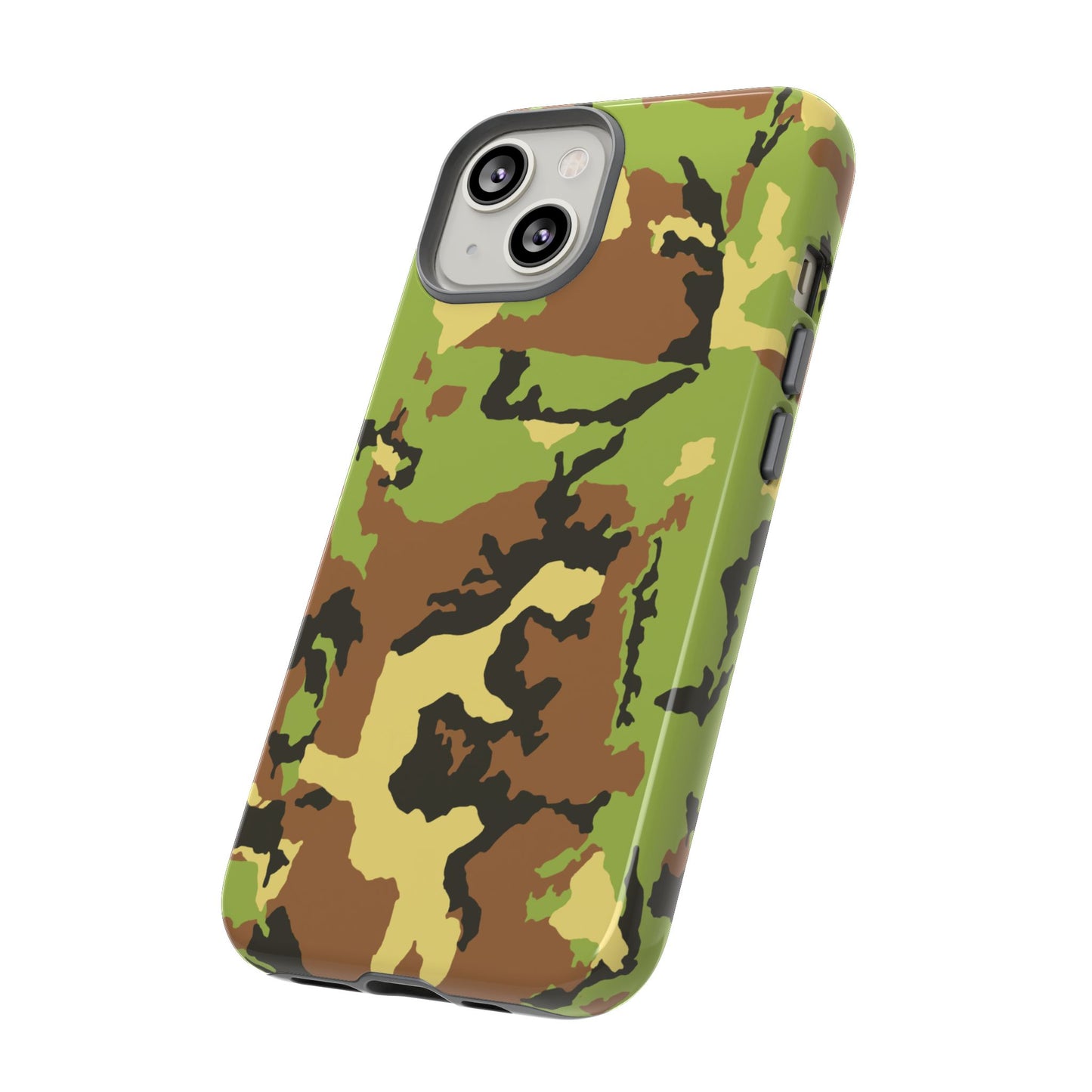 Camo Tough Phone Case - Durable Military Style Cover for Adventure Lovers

==

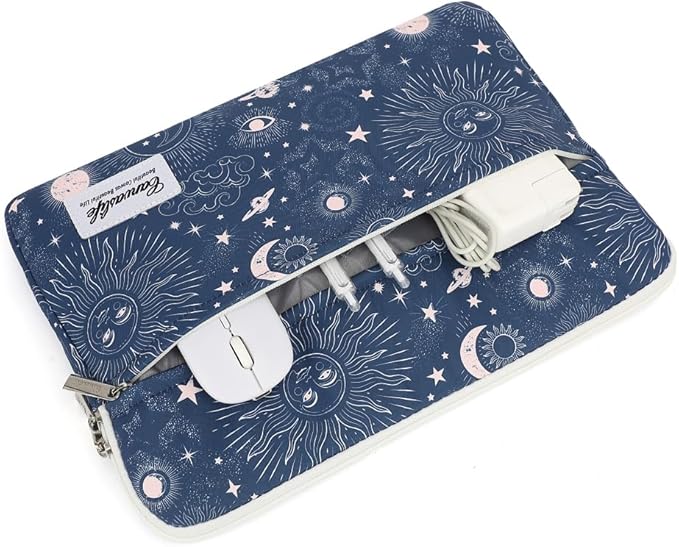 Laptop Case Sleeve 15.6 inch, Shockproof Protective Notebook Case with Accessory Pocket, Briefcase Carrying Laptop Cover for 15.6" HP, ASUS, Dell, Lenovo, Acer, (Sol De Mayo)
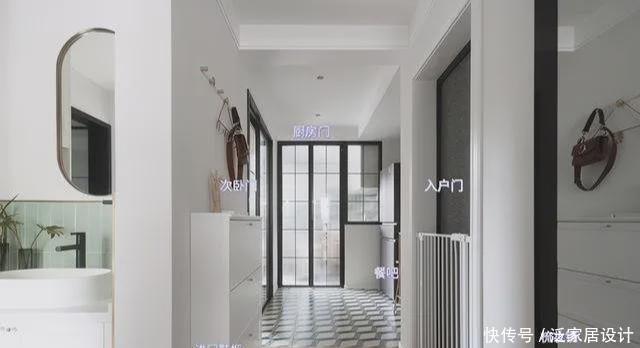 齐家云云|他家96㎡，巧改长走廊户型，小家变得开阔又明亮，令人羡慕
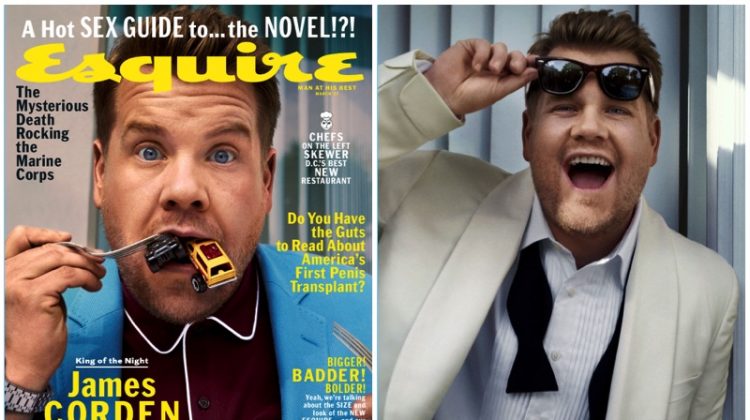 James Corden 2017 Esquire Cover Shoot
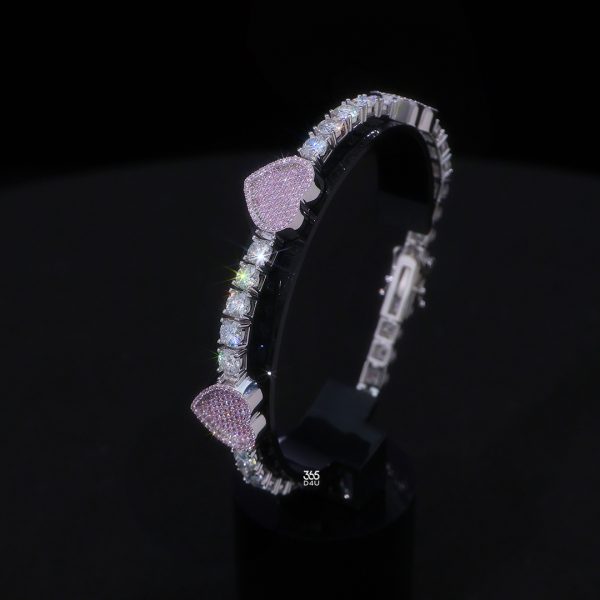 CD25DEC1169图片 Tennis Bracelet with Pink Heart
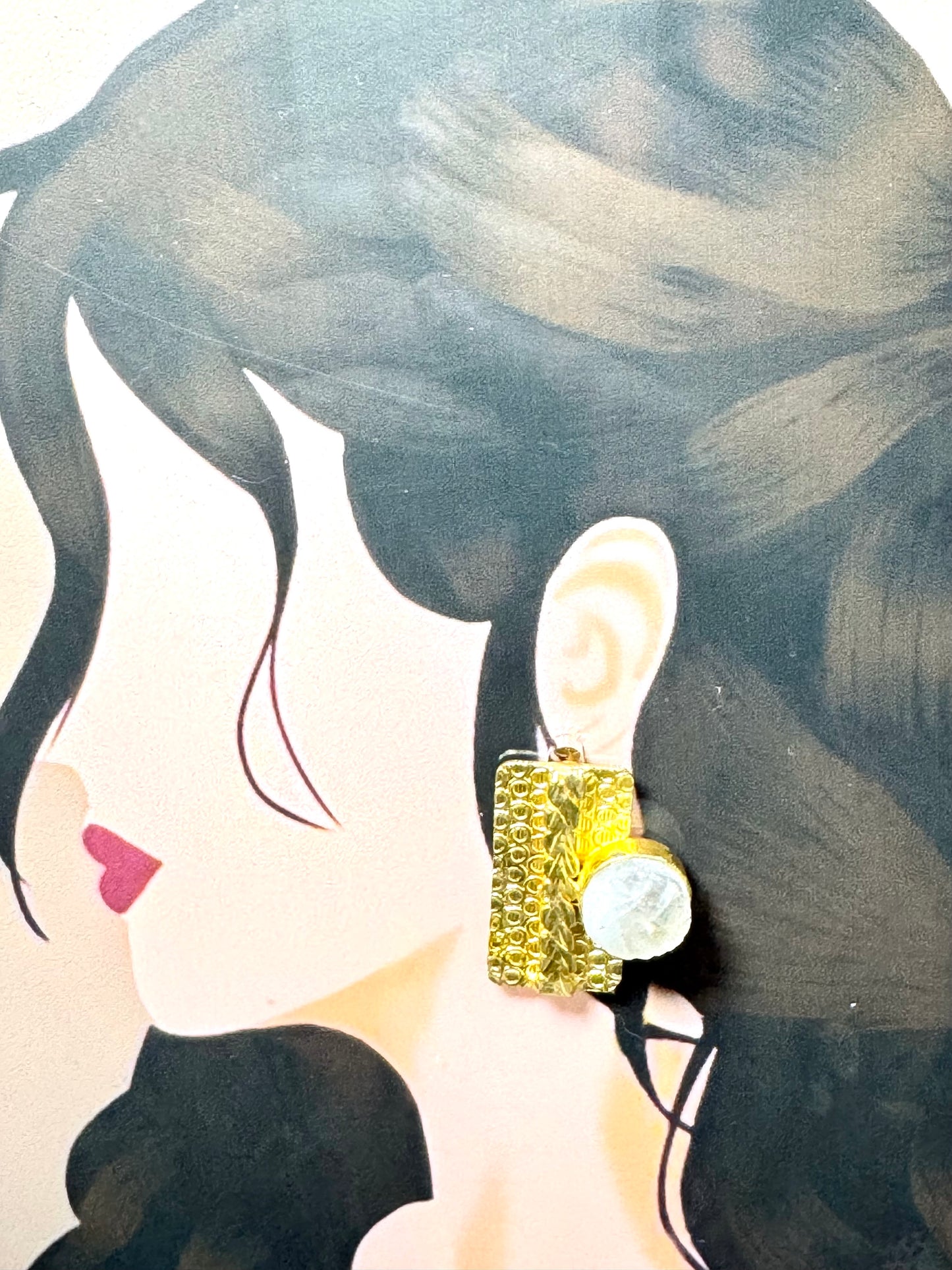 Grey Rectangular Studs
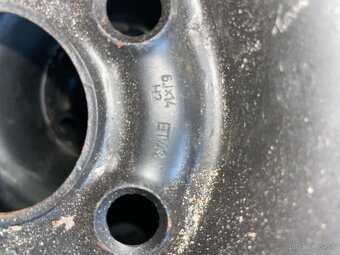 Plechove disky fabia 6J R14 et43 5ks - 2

**Exercise directions:**
Look above for the line containing "齐家云云|他家96㎡，巧改长走廊户型，小家变得开阔又明亮，令人羡慕", then write out every line from there down to the line containing "Plechove disky fabia 6J R14 et43 5ks - 2", that line included, with no pictures.

**Result:**
 齐家云云|他家96㎡，巧改长走廊户型，小家变得开阔又明亮，令人羡慕
 James Corden 2017 Esquire Cover Shoot
 CD25DEC1169图片 Tennis Bracelet with Pink Heart
 Grey Rectangular Studs
 Plechove disky fabia 6J R14 et43 5ks - 2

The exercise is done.